Vielleicht dauert es bis zum nächsten Kinospot, bis man die friedliche Szene, die zarte Kinderstimme und die Brutalität des Textes zusammengebracht hat, vielleicht kommen die Tränen erst während der Marlboro-Werbung, vielleicht gar nicht, vielleicht erst beim nächsten Kinobesuch. Der gestern in Bremen erstmals gezeigte Film informiert über eine bundesweite Beratungs-Telefonnummer zu sexuellem Missbrauch an Mädchen und Jungen.

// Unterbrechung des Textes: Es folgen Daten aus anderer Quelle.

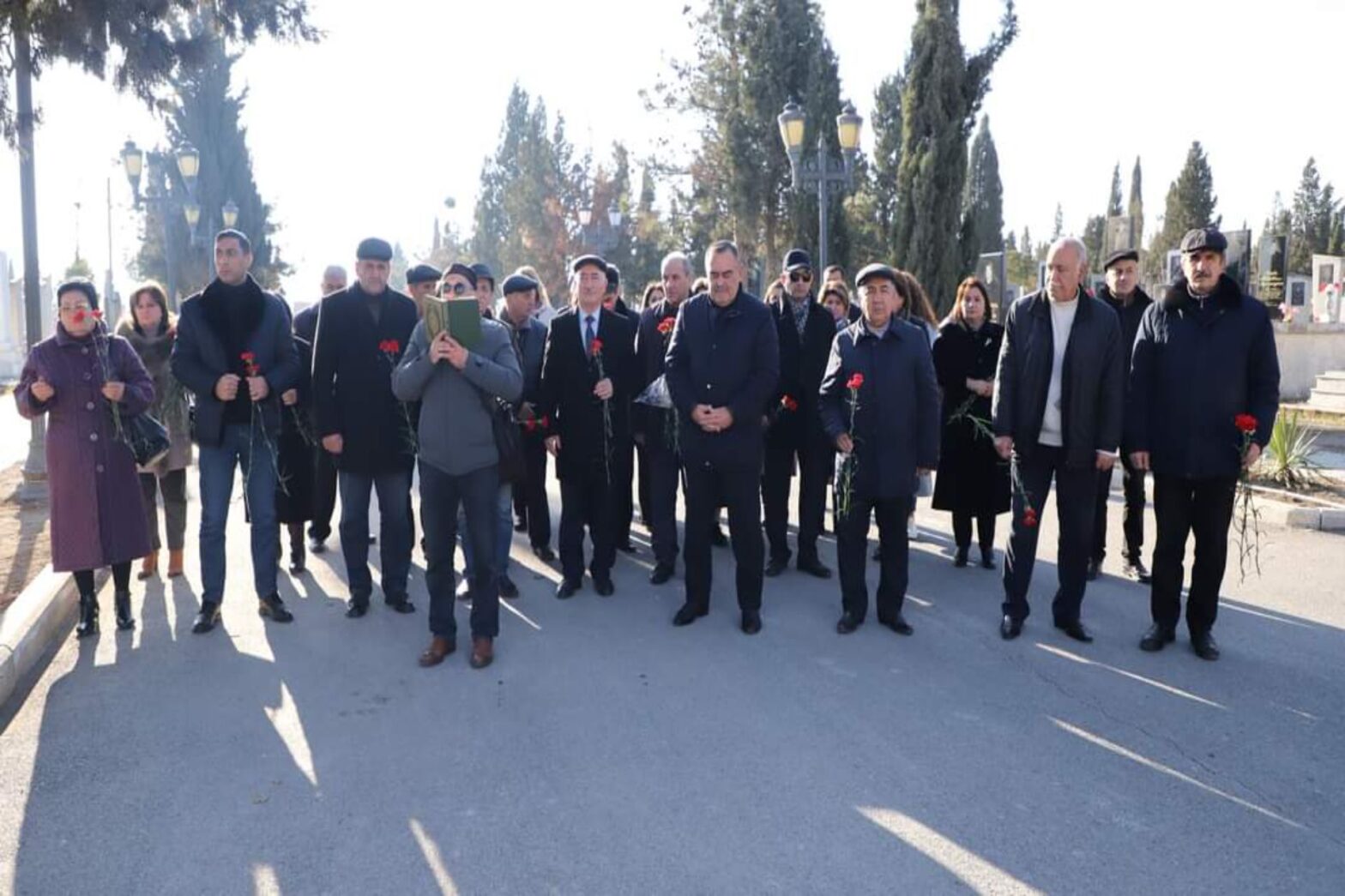 BITKI MÜHAFIZƏ VƏ TEXNIKI BITKILƏR ET İNSTITUTUNUN KOLLEKTIVI BAYRAM ƏRƏFƏSINDƏ ÖLKƏMIZIN ƏRAZI BÜTÖVLÜYÜ UĞRUNDA MÜBARIZƏDƏ CANLARINI FƏDA ETMIŞ QƏHRƏMAN VƏTƏN ÖVLADLARININ XATIRƏSINI YAD ETMƏK ÜÇÜN GƏNCƏ ŞƏHƏR ŞƏHIDLƏR XIYABANINI ZIYARƏT EDIBLƏR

Der Spot kommt nicht mit dem Holzhammer. Er braucht keine schrecklichen Bilder, um das Schreckliche begreifbar zu machen. Der Schrecken steckt in der Normalität. „Das ist Alltag, was da gezeigt wird“, sagt Ursula Müller von Schattenriss – der Bremer Beratungsstelle gegen sexuellen Missbrauch an Mädchen – die sich gemeinsam mit Einrichtungen in Göttingen, Hamburg, Hannover, Kiel und Oldenburg der bundesweiten Kampagne ihres Dachverbandes „Kein Kind kann sich alleine schützen“ angeschlossen hat. Diese richtet sich an Erwachsene: Zum einen soll ihnen über die Nummer von N.I.N.A. – der neu gegründeten Nationalen Infoline, Netzwerk und Anlaufstelle zu sexueller Gewalt an Mädchen und Jungen – die Möglichkeit gegeben werden, sich von Fachleuten beraten zu lassen, etwa wenn sie einen Verdacht auf sexuellen Missbrauch haben oder wenn sie sich generell informieren wollen. Zum anderen organisieren Einrichtungen vor Ort wie Schattenriss ein Veranstaltungsprogramm – immer mit dem Ziel, die Erwachsenen zu erreichen. „Ein Verdacht auf Missbrauch ist immer eine Krise, für Lehrer oder Erzieherinnen und noch extremer für Frauen, die ihre Männer verdächtigen – so etwas kann man nicht alleine bewältigen“, sagt Müllers Kollegin Solrun Jürgensen.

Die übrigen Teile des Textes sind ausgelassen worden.